Under the terms of the $90,550 contract, Cascade Wildlands will harvest an estimated $20,000 in small diameter trees as part of a precommercial thinning and fuels-reduction effort, offsetting the cost of the project, according to the BLM.

The three-year contract allows the government to exchange goods for service, meaning Uncle Sam is paying only about $70,000 for more than $90,000 worth of work, explained Karen Gillespie, spokeswoman for the BLM’s Medford District.

"That is a $20,000 saving to the taxpayers," she said.

The types of treatments to be used include thinning the forest, cutting brush, removing biomass material, hand piling and burning, said Terry Fairbanks, supervisory forester with the BLM’s Grants Pass Resource Area.

The contract area, which is split into a 40-acre and 60-acre unit, has lots of pine, oak and madrone mixed with Douglas fir, Fairbanks said.

The Penny Stew is the second such BLM stewardship contract to be awarded in the Applegate River drainage.

Last year, the agency awarded the Bobar stewardship in the Little Applegate River watershed, which calls for similar work on 111 acres, noted Kristi Mastrofini, lead planner for BLM’s Ashland Resource Area.

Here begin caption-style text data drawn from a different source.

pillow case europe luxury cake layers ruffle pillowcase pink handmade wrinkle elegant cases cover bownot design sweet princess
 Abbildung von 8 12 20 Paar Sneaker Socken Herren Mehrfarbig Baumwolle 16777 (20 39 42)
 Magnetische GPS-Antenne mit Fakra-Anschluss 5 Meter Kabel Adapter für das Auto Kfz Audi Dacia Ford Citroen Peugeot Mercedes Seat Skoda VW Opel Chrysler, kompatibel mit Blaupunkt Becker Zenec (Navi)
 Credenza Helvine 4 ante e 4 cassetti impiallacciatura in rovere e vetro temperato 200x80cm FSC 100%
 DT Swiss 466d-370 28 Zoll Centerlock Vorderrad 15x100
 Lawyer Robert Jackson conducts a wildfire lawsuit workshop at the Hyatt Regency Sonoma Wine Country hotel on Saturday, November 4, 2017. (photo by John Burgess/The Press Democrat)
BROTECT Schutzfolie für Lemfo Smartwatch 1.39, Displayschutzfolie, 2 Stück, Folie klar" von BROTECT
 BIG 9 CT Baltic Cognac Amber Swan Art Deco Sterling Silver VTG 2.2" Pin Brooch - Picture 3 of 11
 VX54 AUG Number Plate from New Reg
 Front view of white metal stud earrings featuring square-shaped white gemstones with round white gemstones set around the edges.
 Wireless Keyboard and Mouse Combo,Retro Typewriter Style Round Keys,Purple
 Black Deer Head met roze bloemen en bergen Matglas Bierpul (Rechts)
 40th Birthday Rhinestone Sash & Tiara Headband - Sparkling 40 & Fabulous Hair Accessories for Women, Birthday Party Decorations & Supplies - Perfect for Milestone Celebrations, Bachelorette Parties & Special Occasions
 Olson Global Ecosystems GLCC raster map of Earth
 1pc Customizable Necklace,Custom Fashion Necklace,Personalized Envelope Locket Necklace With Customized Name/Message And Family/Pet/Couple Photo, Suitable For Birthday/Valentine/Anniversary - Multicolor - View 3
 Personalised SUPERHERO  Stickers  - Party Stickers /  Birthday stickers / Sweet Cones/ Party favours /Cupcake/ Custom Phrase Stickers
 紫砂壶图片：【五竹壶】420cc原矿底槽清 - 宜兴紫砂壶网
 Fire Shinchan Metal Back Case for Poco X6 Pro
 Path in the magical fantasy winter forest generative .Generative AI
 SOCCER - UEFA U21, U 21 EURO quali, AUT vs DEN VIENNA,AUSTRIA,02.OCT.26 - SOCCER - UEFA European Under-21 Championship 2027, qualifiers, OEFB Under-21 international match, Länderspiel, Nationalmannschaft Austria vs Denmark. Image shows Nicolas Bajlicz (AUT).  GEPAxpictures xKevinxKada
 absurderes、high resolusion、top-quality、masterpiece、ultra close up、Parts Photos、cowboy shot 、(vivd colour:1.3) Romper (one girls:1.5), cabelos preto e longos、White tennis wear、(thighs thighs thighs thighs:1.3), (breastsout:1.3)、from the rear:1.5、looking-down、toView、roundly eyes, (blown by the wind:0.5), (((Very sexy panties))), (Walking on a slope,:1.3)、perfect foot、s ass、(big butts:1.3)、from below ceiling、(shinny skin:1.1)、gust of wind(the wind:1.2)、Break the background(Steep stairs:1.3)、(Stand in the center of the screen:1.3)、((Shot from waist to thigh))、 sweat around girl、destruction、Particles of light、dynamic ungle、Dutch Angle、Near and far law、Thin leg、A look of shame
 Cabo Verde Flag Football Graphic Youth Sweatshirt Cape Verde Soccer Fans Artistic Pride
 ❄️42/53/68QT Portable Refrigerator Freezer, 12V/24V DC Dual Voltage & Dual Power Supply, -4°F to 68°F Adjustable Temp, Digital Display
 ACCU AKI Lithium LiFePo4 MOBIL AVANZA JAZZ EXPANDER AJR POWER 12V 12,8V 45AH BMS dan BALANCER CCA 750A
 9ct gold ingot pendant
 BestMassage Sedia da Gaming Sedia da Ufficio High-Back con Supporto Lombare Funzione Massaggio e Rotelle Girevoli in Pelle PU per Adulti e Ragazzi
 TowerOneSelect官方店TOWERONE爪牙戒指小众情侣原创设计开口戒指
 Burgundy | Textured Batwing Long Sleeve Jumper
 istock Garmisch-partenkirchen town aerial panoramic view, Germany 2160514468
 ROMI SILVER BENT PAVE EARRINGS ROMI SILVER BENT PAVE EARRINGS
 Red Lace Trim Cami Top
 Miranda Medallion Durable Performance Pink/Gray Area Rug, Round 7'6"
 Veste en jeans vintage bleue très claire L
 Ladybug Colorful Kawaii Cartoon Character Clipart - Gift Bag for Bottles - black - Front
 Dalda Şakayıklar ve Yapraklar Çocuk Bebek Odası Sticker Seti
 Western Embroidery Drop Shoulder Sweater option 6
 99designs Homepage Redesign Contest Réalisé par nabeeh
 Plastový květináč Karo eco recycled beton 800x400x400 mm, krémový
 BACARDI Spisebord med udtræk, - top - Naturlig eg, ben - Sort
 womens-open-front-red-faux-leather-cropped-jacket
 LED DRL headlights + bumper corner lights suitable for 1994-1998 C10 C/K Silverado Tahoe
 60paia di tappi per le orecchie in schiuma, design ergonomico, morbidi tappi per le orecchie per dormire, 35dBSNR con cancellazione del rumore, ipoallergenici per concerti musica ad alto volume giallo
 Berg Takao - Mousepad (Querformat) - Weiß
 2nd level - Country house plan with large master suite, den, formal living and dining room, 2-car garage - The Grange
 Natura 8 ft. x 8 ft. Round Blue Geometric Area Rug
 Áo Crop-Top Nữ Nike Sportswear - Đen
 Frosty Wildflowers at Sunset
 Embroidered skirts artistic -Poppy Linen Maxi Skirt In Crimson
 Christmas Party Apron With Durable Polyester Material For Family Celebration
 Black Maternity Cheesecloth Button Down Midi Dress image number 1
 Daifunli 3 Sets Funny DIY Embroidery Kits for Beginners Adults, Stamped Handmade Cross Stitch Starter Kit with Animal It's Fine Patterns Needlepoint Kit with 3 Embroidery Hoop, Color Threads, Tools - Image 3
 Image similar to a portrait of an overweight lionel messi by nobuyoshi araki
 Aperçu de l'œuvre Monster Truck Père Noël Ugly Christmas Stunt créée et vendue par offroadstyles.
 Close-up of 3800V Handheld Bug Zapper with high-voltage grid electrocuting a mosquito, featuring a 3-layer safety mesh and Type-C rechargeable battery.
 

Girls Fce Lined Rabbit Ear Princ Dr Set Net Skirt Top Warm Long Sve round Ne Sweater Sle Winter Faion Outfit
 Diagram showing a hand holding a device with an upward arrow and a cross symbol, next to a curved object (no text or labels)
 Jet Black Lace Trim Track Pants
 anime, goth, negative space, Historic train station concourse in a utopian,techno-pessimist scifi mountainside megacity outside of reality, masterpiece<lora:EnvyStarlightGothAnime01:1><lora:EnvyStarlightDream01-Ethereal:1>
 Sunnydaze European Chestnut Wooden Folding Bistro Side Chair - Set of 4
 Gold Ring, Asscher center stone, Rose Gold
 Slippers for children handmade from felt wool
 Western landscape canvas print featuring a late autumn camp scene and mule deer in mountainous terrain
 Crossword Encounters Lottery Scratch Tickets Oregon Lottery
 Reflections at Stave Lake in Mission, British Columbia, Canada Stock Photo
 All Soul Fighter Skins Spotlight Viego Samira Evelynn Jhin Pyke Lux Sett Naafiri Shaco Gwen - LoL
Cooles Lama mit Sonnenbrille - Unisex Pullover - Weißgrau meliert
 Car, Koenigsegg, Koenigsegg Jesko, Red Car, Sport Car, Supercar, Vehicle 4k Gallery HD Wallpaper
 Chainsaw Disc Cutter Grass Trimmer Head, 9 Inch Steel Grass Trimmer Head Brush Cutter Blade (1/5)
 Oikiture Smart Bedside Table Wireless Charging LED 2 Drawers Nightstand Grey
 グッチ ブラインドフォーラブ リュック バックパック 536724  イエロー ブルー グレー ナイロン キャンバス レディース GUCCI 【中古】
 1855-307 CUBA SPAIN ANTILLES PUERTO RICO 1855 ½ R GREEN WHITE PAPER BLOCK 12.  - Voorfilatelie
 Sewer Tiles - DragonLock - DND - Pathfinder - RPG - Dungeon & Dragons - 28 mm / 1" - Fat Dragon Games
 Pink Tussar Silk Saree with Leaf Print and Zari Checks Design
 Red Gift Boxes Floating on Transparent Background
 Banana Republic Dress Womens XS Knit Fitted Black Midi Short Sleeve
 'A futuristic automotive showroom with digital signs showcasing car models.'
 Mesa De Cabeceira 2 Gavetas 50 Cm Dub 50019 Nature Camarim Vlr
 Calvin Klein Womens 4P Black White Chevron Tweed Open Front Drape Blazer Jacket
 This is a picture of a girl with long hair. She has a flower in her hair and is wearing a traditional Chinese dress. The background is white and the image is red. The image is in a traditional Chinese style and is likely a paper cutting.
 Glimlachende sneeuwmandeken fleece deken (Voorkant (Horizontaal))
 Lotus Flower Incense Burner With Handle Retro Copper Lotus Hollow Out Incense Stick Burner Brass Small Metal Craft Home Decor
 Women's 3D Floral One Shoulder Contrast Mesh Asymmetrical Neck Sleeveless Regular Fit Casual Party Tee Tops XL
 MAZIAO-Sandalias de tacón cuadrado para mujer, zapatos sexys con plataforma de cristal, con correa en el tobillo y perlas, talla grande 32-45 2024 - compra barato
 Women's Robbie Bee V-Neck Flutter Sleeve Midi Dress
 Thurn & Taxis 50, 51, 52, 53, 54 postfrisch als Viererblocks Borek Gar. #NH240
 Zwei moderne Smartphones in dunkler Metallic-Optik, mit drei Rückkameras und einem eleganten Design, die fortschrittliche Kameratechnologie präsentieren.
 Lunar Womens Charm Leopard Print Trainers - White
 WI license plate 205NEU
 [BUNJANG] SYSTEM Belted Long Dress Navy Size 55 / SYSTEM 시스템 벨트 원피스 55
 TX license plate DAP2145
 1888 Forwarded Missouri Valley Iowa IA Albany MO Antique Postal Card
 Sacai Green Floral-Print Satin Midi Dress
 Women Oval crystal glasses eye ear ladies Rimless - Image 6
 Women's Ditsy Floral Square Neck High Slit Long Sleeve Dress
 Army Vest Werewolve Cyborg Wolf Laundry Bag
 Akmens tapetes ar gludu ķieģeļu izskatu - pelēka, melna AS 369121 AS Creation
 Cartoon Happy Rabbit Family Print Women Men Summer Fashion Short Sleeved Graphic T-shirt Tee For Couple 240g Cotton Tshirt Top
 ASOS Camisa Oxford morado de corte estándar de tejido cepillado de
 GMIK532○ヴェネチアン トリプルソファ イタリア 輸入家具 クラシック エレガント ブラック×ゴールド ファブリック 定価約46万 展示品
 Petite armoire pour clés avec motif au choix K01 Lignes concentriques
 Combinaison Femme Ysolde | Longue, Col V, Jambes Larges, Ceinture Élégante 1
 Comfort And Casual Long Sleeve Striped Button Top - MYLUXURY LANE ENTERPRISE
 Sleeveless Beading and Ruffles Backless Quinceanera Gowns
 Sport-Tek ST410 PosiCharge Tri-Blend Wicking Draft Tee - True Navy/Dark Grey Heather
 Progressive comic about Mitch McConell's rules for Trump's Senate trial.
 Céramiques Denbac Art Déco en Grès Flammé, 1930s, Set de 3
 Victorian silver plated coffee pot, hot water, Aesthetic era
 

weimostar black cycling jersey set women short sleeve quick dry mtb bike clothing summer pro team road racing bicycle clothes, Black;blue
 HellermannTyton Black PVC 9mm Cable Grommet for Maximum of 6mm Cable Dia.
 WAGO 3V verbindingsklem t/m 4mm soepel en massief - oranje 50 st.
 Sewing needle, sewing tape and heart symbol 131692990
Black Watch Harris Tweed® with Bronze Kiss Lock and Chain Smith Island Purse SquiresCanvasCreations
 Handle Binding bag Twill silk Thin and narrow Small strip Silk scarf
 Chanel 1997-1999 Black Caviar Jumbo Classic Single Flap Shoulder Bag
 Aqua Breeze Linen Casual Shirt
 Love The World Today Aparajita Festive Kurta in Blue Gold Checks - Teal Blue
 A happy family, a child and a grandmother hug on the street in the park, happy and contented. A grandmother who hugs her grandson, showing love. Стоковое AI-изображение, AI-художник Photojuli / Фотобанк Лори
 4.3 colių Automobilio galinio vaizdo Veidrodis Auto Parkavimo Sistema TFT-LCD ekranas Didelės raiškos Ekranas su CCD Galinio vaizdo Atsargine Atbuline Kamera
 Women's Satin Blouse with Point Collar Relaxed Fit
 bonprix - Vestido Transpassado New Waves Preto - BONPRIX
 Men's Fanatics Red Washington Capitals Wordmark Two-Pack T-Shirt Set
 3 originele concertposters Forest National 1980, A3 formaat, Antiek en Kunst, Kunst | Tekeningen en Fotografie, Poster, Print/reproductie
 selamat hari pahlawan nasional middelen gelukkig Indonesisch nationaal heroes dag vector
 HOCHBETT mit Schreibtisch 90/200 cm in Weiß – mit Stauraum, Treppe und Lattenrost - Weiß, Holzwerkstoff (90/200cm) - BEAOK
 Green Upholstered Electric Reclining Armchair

Bobar was one of the first two stewardship contracts awarded nationally by the agency.

More similar projects are planned, including the Middle Applegate, which could treat up to 3,500 acres if it comes to pass, she said.

One of the drivers is the fact that 26 rural communities in the Medford District are considered at risk for wildfires each summer, Gillespie said, noting that stewardship contracts can get the fuels-reductionjob done while saving taxpayer dollars.

"The forests around these communities potentially need treatment," she said. "We can’t do it alone. We don’t have the budget."